Dataset entries:
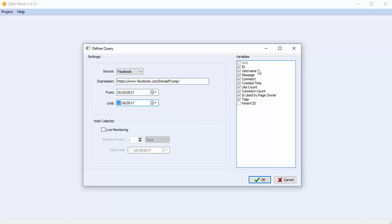Check the variables that you'd like to import from the Variables list box. The Live Monitoring option instructs QDA Miner to monitor the Facebook posts published during the chosen time period, and collect for import any comments associated with the posts that have been published after this initial data capture. Enabling this option calls the Web Collector, an external tool which collects your Facebook data.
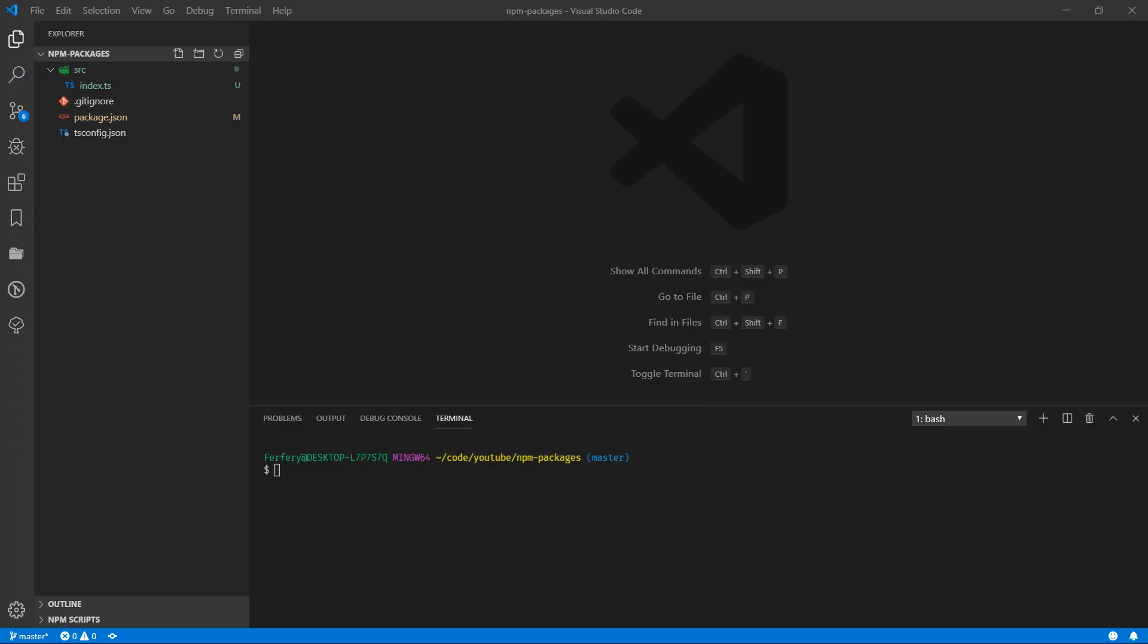In this video we're going to install and configure VS Code to use ESLint for the Node.js project and TypeScript.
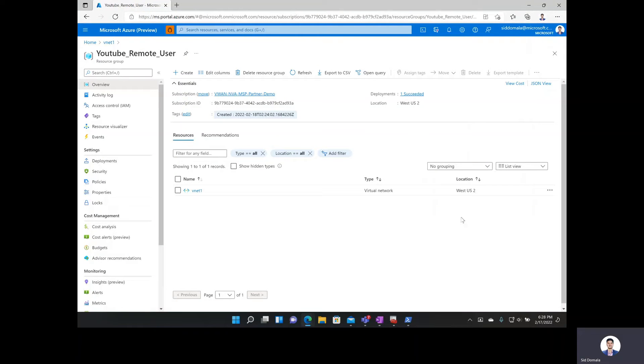Hi everyone, my name is Sif from the Azure Virtual WAN team and today I'll be showing you how to set up remote user connectivity using Azure Virtual WAN.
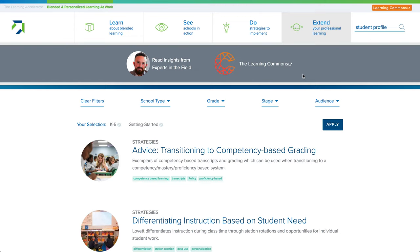We hope you enjoy all of the resources on our site. We encourage you to explore, reach out, and share any comments or questions.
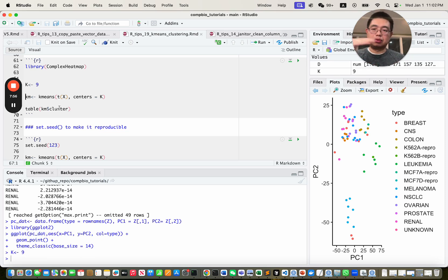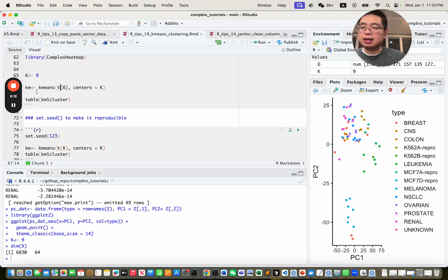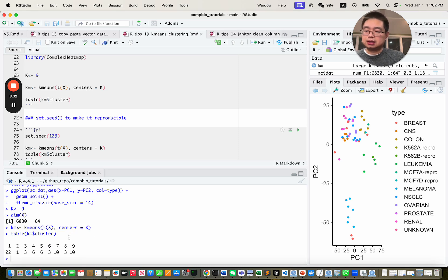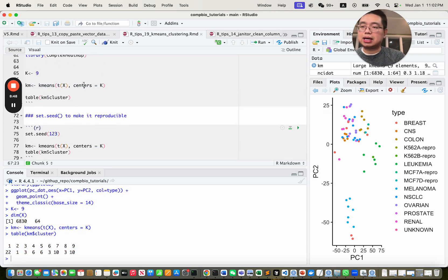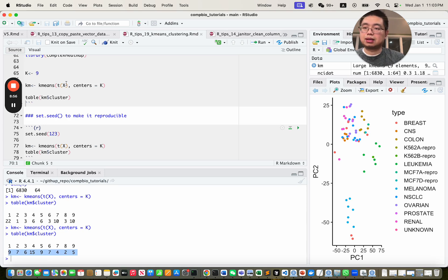In R, you use the kmeans function on the transposed x matrix with centers equal to k. If you run k-means multiple times, you'll notice the results change slightly each time because of the random initialization of the central points. That's why you need to use set.seed with any number to make it reproducible.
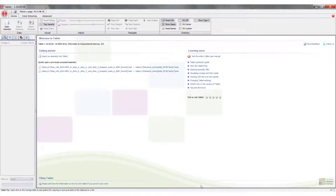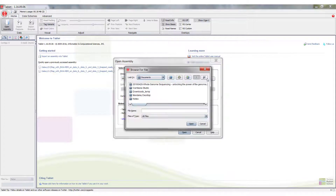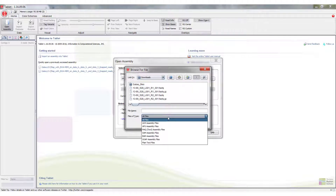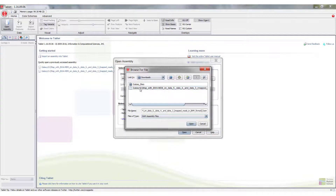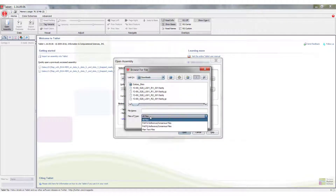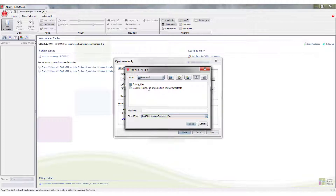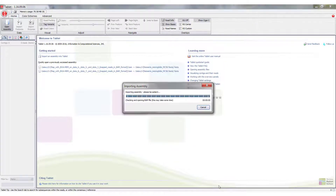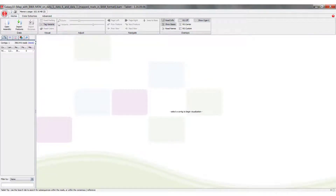With all files downloaded, we can open Tablet. To visualize our mapped reads, we go to the top left and click on Open Assembly, then click Browse. This is our primary assembly file — we go to the folder where we saved everything (Downloads), select BAM assembly files, making sure to always pick the BAM file and not the BAI file. We then browse for the FASTA reference, which is the Neisseria meningitidis FASTA file, and click Open. It asks us to select a contig to begin visualization, and the mapped reads are in one contig, so we click to open all mapped reads.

*Problem details*
Give again, exactly, the lines starting at the first entry above and ending at the line with "We hope you"; please leave pictures out.

*Output of the task*
Check the variables that you'd like to import from the Variables list box. The Live Monitoring option instructs QDA Miner to monitor the Facebook posts published during the chosen time period, and collect for import any comments associated with the posts that have been published after this initial data capture. Enabling this option calls the Web Collector, an external tool which collects your Facebook data.
In this video we're going to install and configure VS Code to use ESLint for the Node.js project and TypeScript.
Hi everyone, my name is Sif from the Azure Virtual WAN team and today I'll be showing you how to set up remote user connectivity using Azure Virtual WAN.
We hope you enjoy all of the resources on our site. We encourage you to explore, reach out, and share any comments or questions.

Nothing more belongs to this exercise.